Report: College Students Are Drinking Less Than They Used To
More young Americans are abstaining from alcohol than in previous generations
The great American college mythology has long held that consuming large quantities of alcohol for four years is integral to the experience. Gen Z, however, seems to be changing that narrative. A recent study found that significantly more college-aged Americans are choosing to avoid alcohol than in previous generations, CNN reported.

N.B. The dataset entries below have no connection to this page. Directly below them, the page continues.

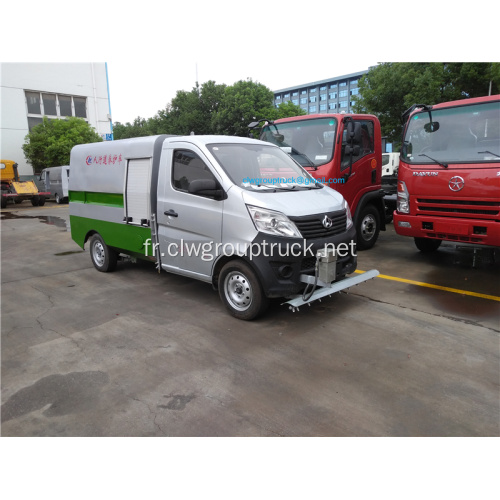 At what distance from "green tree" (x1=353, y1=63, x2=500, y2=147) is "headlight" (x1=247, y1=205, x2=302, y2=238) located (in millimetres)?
16507

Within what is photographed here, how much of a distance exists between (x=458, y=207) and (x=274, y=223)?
10.9 feet

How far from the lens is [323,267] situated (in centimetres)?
436

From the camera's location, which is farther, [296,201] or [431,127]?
[431,127]

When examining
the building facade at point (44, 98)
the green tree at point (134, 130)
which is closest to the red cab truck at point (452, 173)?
the building facade at point (44, 98)

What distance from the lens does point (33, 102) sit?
28484 mm

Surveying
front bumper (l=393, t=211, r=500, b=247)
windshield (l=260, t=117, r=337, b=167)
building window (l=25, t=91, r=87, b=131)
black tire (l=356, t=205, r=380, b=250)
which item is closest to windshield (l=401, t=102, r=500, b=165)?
front bumper (l=393, t=211, r=500, b=247)

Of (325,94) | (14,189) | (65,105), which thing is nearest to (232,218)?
(14,189)

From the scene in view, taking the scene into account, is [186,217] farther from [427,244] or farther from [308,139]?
[427,244]

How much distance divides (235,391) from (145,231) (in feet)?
10.3

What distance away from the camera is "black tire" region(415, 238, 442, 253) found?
7826mm

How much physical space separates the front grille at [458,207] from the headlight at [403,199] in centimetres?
20

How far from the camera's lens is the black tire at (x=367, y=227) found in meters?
7.90

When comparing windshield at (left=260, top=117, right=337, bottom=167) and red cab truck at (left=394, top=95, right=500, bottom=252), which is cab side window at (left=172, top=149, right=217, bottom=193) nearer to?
windshield at (left=260, top=117, right=337, bottom=167)

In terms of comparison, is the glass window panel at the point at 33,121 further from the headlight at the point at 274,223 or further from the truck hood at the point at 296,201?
the headlight at the point at 274,223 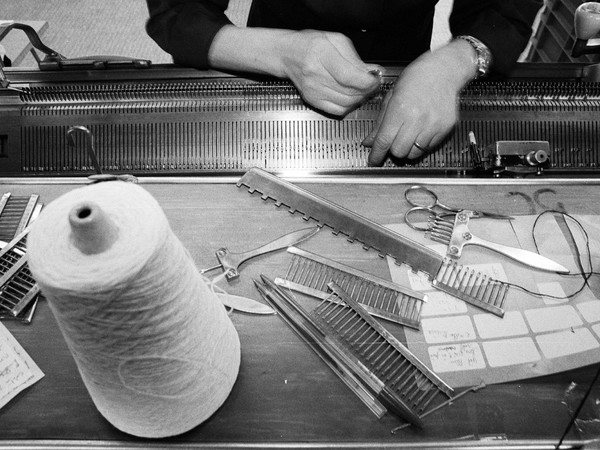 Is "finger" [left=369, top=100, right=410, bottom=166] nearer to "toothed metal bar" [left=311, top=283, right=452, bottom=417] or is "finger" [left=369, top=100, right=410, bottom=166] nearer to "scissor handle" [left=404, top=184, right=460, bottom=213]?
"scissor handle" [left=404, top=184, right=460, bottom=213]

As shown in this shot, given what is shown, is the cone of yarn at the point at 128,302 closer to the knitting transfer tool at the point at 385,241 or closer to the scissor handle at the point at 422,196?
the knitting transfer tool at the point at 385,241

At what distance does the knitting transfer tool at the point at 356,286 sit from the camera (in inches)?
35.5

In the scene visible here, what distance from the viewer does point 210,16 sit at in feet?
4.15

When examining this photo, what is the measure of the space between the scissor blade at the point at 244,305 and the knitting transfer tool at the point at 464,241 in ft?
1.24

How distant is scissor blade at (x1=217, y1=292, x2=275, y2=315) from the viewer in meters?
0.90

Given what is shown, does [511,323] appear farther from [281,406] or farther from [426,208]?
[281,406]

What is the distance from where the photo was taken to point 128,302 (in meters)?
0.51

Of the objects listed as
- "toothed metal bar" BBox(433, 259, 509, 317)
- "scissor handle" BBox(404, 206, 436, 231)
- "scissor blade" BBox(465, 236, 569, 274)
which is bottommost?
"toothed metal bar" BBox(433, 259, 509, 317)

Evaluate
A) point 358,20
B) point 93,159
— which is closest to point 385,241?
point 93,159


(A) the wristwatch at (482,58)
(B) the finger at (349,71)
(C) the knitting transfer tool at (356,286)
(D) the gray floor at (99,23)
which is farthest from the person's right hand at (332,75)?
(D) the gray floor at (99,23)

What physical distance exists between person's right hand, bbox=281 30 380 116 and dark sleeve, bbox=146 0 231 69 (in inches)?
9.2

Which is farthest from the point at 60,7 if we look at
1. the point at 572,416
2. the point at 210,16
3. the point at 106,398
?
the point at 572,416

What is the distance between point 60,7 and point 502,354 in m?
3.44

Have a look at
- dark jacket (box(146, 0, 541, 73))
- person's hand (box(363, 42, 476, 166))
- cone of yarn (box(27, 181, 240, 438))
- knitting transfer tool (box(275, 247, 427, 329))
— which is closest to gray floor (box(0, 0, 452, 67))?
dark jacket (box(146, 0, 541, 73)) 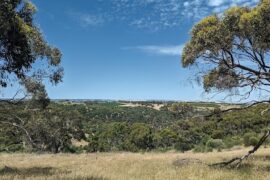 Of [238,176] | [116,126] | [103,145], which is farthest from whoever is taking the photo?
[116,126]

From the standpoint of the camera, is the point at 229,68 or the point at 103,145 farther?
the point at 103,145

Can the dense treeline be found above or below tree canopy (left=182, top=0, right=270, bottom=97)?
below

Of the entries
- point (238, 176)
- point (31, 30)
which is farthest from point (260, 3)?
point (31, 30)

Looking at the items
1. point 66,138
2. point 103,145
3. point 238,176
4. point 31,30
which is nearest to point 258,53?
point 238,176

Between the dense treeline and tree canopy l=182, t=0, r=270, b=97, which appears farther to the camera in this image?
the dense treeline

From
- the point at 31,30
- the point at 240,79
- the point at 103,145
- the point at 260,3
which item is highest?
the point at 260,3

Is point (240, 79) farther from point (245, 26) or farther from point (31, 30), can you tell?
point (31, 30)

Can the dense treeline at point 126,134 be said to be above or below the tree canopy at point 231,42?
below

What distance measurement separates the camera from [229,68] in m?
17.5

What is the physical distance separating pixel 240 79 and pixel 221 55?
125 cm

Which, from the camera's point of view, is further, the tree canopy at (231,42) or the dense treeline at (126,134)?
the dense treeline at (126,134)

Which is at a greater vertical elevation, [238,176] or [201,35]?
[201,35]

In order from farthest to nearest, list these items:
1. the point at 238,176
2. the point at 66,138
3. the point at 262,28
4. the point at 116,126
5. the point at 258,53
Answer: the point at 116,126 → the point at 66,138 → the point at 258,53 → the point at 262,28 → the point at 238,176

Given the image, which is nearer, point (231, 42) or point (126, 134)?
point (231, 42)
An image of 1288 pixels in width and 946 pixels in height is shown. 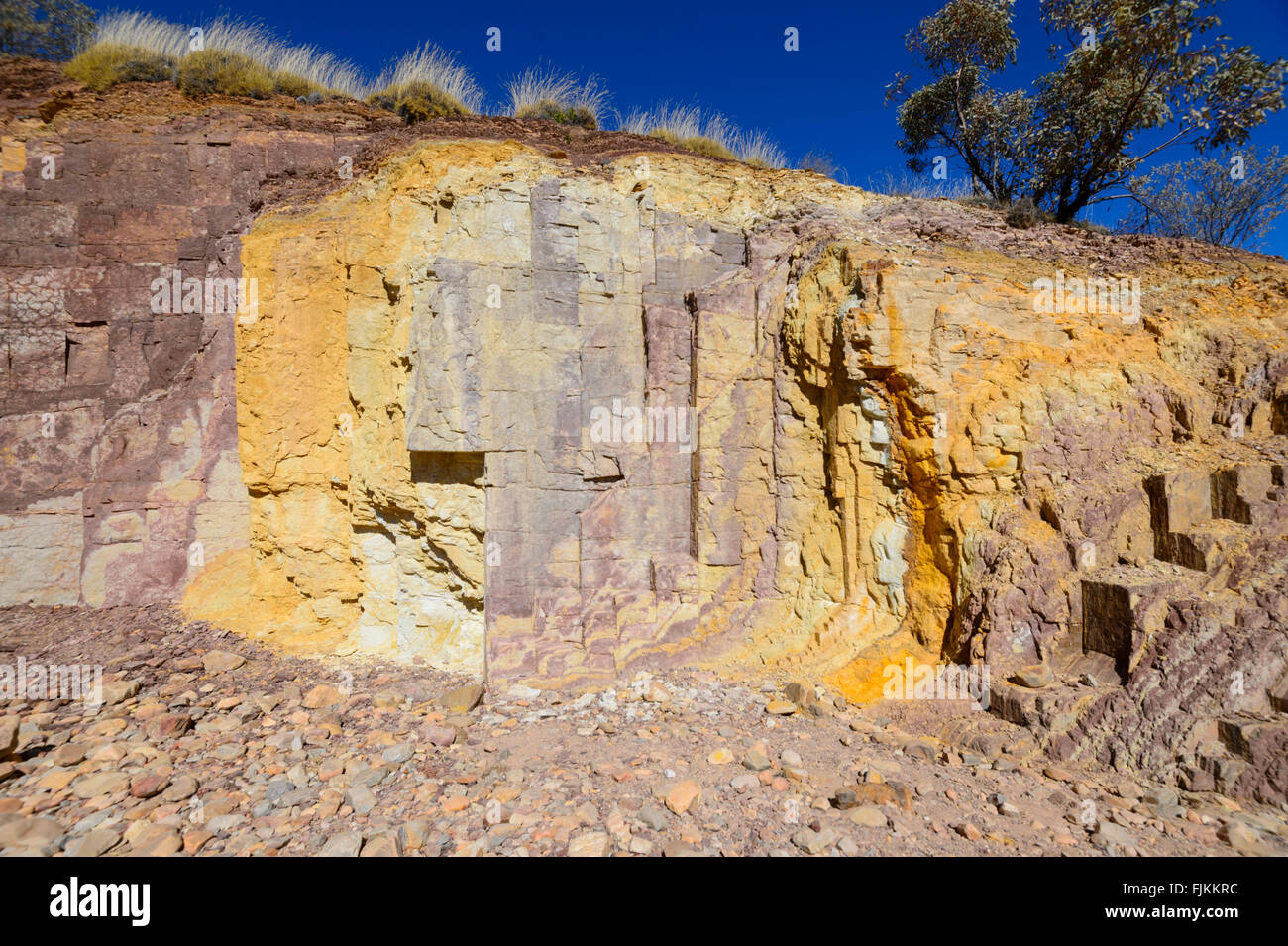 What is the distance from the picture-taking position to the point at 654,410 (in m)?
7.10

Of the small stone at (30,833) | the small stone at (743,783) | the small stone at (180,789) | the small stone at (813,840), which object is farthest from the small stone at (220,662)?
the small stone at (813,840)

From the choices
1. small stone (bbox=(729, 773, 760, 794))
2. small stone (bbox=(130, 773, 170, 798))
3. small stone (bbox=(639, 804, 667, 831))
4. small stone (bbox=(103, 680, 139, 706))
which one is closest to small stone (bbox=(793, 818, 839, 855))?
small stone (bbox=(729, 773, 760, 794))

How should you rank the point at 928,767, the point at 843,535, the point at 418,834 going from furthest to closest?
1. the point at 843,535
2. the point at 928,767
3. the point at 418,834

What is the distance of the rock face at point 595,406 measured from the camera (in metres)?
6.04

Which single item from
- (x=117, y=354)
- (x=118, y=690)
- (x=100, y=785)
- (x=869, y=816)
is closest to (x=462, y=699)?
(x=100, y=785)

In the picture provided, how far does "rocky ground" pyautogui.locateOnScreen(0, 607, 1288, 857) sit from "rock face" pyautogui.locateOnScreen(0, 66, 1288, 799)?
2.50 feet

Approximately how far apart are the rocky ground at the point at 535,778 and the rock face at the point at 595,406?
2.50ft

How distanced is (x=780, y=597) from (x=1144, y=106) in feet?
27.9

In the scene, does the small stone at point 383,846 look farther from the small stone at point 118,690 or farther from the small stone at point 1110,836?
the small stone at point 1110,836

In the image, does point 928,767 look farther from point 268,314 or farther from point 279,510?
point 268,314

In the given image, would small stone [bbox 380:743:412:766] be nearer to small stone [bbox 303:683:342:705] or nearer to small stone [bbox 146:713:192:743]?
small stone [bbox 303:683:342:705]

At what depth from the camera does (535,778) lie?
4691 mm

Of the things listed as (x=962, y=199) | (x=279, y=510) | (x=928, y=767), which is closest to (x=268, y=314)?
(x=279, y=510)

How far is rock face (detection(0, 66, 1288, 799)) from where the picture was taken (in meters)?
6.04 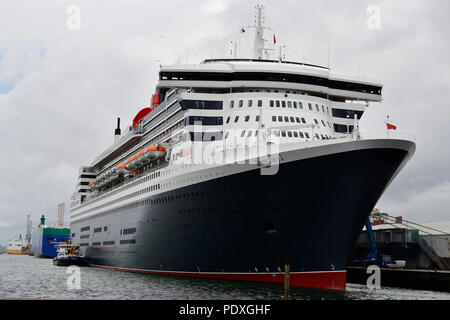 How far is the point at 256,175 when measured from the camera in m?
24.8

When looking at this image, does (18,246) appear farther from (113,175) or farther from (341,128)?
(341,128)

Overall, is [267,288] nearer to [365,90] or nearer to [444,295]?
[444,295]

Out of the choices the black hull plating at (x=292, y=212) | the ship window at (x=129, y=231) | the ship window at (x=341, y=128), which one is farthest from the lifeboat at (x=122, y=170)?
the ship window at (x=341, y=128)

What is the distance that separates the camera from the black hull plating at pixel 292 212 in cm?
2395

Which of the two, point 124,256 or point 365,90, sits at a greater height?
point 365,90

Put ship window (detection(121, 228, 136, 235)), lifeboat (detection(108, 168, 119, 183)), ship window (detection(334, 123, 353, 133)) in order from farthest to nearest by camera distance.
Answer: lifeboat (detection(108, 168, 119, 183)) → ship window (detection(121, 228, 136, 235)) → ship window (detection(334, 123, 353, 133))

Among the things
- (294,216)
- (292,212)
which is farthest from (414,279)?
(292,212)

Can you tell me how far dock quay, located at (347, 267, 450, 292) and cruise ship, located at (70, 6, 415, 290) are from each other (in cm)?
841

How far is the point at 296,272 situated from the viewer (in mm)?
24750

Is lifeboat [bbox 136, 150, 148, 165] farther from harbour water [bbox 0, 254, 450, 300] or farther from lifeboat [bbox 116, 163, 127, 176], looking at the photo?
harbour water [bbox 0, 254, 450, 300]

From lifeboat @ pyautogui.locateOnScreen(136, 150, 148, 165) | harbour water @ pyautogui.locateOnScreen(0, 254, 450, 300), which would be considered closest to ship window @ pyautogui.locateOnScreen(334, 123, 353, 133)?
harbour water @ pyautogui.locateOnScreen(0, 254, 450, 300)

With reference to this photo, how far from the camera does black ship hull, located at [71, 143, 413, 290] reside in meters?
24.0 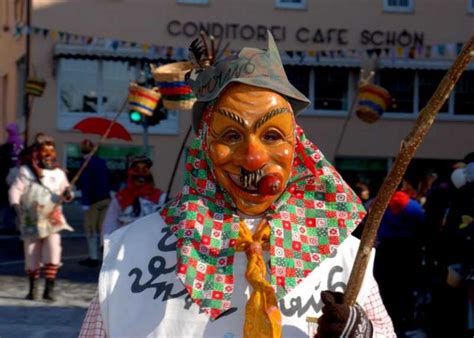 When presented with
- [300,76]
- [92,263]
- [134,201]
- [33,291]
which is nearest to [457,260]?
[134,201]

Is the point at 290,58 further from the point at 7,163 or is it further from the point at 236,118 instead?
the point at 236,118

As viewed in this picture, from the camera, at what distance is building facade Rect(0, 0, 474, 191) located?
74.1 ft

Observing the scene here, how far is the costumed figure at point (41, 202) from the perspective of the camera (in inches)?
376

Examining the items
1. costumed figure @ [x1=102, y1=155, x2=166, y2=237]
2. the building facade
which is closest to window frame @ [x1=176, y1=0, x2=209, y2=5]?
the building facade

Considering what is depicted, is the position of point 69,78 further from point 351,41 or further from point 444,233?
point 444,233

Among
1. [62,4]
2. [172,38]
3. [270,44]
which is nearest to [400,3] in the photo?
[172,38]

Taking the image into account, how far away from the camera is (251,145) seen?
2973 mm

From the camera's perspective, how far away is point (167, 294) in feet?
9.78

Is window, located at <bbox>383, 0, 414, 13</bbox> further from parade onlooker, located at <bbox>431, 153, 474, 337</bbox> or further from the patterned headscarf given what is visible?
the patterned headscarf

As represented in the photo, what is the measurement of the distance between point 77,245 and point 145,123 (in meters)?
3.62

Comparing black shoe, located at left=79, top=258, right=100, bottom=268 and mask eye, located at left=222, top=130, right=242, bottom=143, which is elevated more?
mask eye, located at left=222, top=130, right=242, bottom=143

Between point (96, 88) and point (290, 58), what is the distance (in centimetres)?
434

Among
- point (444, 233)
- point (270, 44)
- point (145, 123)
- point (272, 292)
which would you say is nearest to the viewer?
point (272, 292)

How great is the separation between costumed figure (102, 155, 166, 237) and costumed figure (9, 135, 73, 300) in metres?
0.93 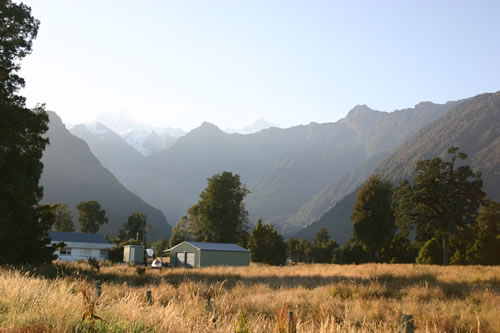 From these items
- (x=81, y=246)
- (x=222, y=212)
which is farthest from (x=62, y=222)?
(x=222, y=212)

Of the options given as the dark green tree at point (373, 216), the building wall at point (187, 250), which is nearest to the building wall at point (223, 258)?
the building wall at point (187, 250)

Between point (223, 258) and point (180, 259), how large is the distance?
694 centimetres

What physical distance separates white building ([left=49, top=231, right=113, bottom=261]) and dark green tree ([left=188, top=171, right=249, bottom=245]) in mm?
19073

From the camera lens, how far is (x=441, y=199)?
1735 inches

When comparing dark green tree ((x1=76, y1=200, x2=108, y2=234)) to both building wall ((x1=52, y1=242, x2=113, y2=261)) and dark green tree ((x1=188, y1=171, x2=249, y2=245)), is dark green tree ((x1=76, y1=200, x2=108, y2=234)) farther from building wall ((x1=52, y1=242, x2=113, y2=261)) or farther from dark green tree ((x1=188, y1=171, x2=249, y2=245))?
dark green tree ((x1=188, y1=171, x2=249, y2=245))

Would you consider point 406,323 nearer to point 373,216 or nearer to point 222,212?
point 373,216

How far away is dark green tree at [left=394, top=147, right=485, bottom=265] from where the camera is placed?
1690 inches

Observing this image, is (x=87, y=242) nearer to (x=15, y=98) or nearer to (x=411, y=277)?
(x=15, y=98)

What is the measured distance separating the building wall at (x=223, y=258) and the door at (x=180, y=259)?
485 cm

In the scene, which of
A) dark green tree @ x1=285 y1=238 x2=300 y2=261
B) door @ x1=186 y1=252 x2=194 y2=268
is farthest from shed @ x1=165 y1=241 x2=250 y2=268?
dark green tree @ x1=285 y1=238 x2=300 y2=261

According to the study, the percentage of 18- to 22-year-old college students in the United States who chose to abstain from alcohol increased from 20 percent in 2002 to 28 percent in 2018. Numbers went up for young adults in that age range not in college as well, increasing from 24 percent to 30 percent. Meanwhile, the rate of alcohol abuse among both groups dropped by around half.
“We’re encouraged by the significant decreases in alcohol use disorder — for both college and non-college students,” said Sean Esteban McCabe, lead author of the study, published Monday in the journal JAMA Pediatrics.
The decrease in drinking and alcohol abuse among young people seems to correspond with the growing popularity of the “sober curious” movement, which has seen Gen Z and young millennials experimenting with sobriety, embracing low- or no-ABV drinks, or even abstaining from alcohol altogether.
The study authors also suggested the decrease in drinking could be attributed in part to the fact that more young adults are living at home with their parents, which may stanch opportunities for drinking usually fostered by traditional college environments.
This isn’t the first time Gen Z has been accused of forgoing vices of yore. In addition to neglecting booze, young adults of today have also displayed a waning interest in sex, drugs and other vices previous generations held dear. However, it seems they have come around to their parents’ coffee habits, with recent reports suggesting millennials have left bougie coffee houses behind in favor of good old fashioned Folgers.